A few short years on, the young girl has blossomed into a shapely beauty and a visiting playboy-gigolo type of wastrel American starts sniffing around her, trying to woo her with some sexy dancing and is making good headway when the step-mother makes an intervention with designs of her own. The American appears to have no issues with trying to woo either the step mother or the young nymph; if he can’t have one he is willing to have the other, or perhaps both. The step daughter is disgusted at her mother’s brazen behavior especially as she is still married to her incarcerated father. The stepmother cavorts around with the American sleaze without a care in the world.

Then the plot starts to head in a direction that you yearned and knew that it would! A plot is hatched by the helpless bar-lady stepmother cougar so that she can be with her new man and forge a new life with her fresh young lover away from the clutches of her demented husband. But in order to do so she has to get a divorce from the “Maniac” and only then will she be free. She has to go to see the ogre in the nuthouse every month and she returns heavy hearted and depressed because she cannot be rid of him.
An agreement is reached between the three; the husband and wife and her lover. If they help him spring out of jail and make good his escape then in return he will allow them to live happily ever after and settle far away somewhere else where he will send for his daughter as well.

For the opportunistic American it seems like a pretty solid plan, he gets to keep the lusty wife and her pub room and board business and all her wealth and can also make further advances in the direction of her step daughter if the need may arise. So, the “maniac” is sprung from jail but sure enough he doesn’t stick to his word and soon terrible complications start to arise. An accomplices body shows up in the boot of the adulterous couple’s car even after it has been dispensed of in the river reminiscent of the body in Diaboliques.

The “Maniac” re-appears to take revenge on the American for having dared to lay hands on his wife while he was away and once again the dreaded Blow Torch is fueled up to the maximum for some vigorous use ahead. Horrendous events take place and much flesh is charred before a nefarious twist is revealed but as the film reaches its conclusion in a quite stunning backdrop will the nefarious schemers get away with murder or is there yet another twist in the tail to go?

The film is beautifully shot and sumptuously presented and the acting for the most part is pretty solid including the less than likeable lead male character, the American opportunist rat. Maniac is never dull and moves along briskly to its twist laden conclusion rather deftly. The background music is often jarring and inappropriate but generally the film holds together fairly well without ever reaching anything like the resonance or power of Psycho or the seedy atmospheric sleaze and intrigue of Les Diaboliques either and yet holds its own as a fairly entertaining Psycho clone.

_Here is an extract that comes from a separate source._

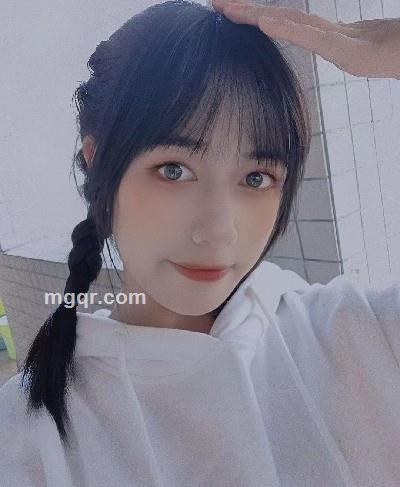 扎个小辫的头像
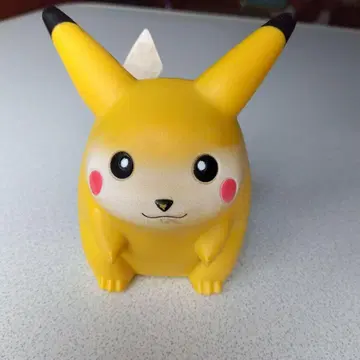 레트로 손바닥 피카츄 입체 피규어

Perhaps the biggest weakness of the film is that there is no Maniac at all and an audience has some right to feel slightly cheated at this fact. The villain is a perfectly sane, cold hearted, calculating man, but not by any stretch of imagination is he psychotic or a maniac of any sort. The fact is that there is no such Maniac at all other than a pedophile at the start of the film.

For genre fans and those who have a particular interest in the often-glorious history of Hammer Studios, the film is essential viewing and is a well-crafted and expertly shot. Its also features some fine performances especially from the two leading ladies and is entertaining enough to warrant a look in. Once again, Indicator have done a sterling job in issuing this film and their effort in making it look as good as it does has more than paid off. A decent and interesting genre entry and a fabulous Blu-ray release from Indicator.